PROBLEM STATEMENT -
For this exercise, repeat the whole listing below exactly. Leave the pictures out.

GIVEN MATERIAL -
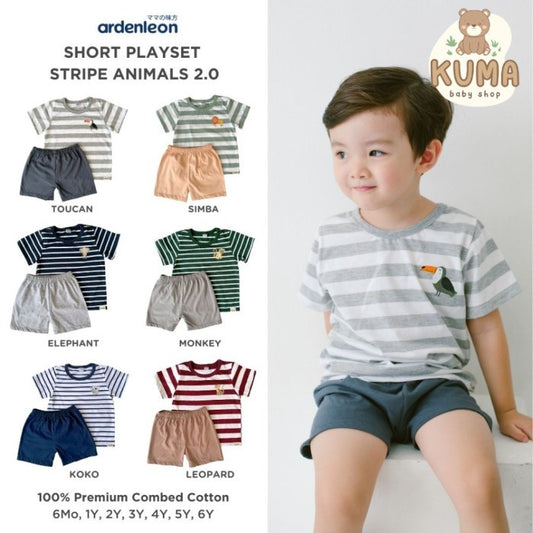 ARDENLEON Setelan Anak Kaos Anak Short Playset Stripe Animal 2.0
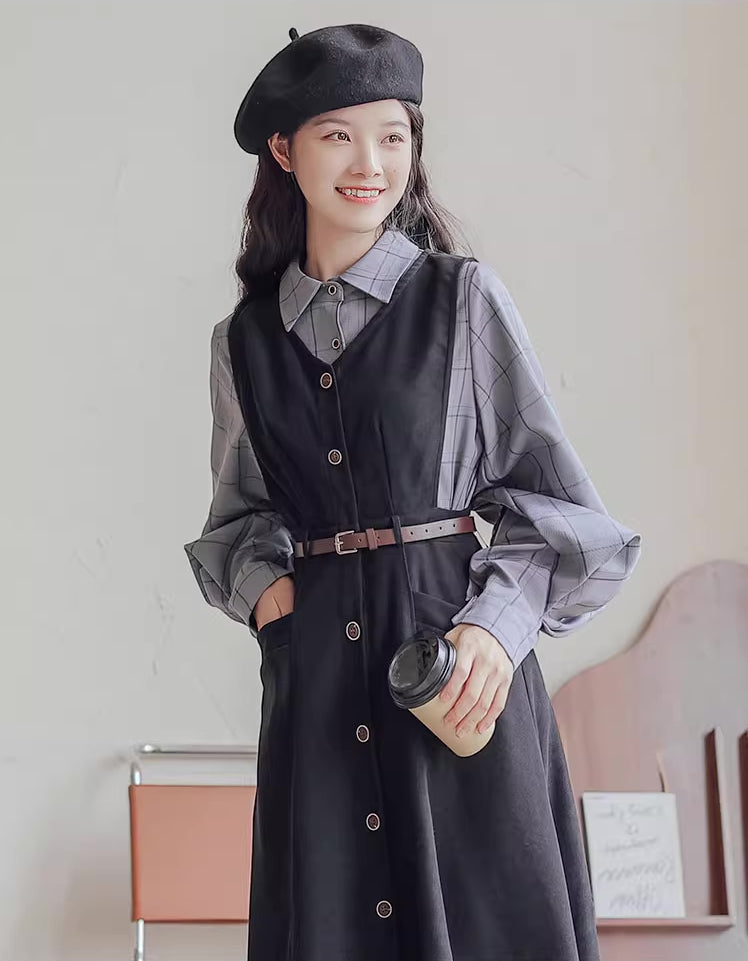 Button Up Suede Pinafore Dress Maxct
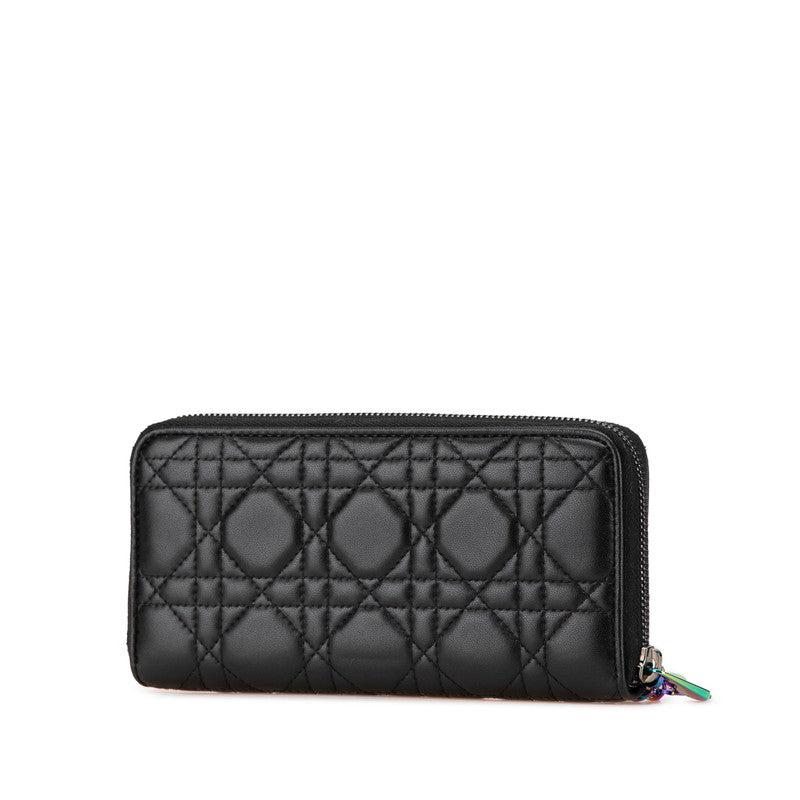 ディオール カナージュ レディディオール ラウンドファスナー 長財布 ブラック マルチカラー レザー レディース Dior 【中古】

EXERCISE SOLUTION -
 ARDENLEON Setelan Anak Kaos Anak Short Playset Stripe Animal 2.0
 Button Up Suede Pinafore Dress Maxct
 ディオール カナージュ レディディオール ラウンドファスナー 長財布 ブラック マルチカラー レザー レディース Dior 【中古】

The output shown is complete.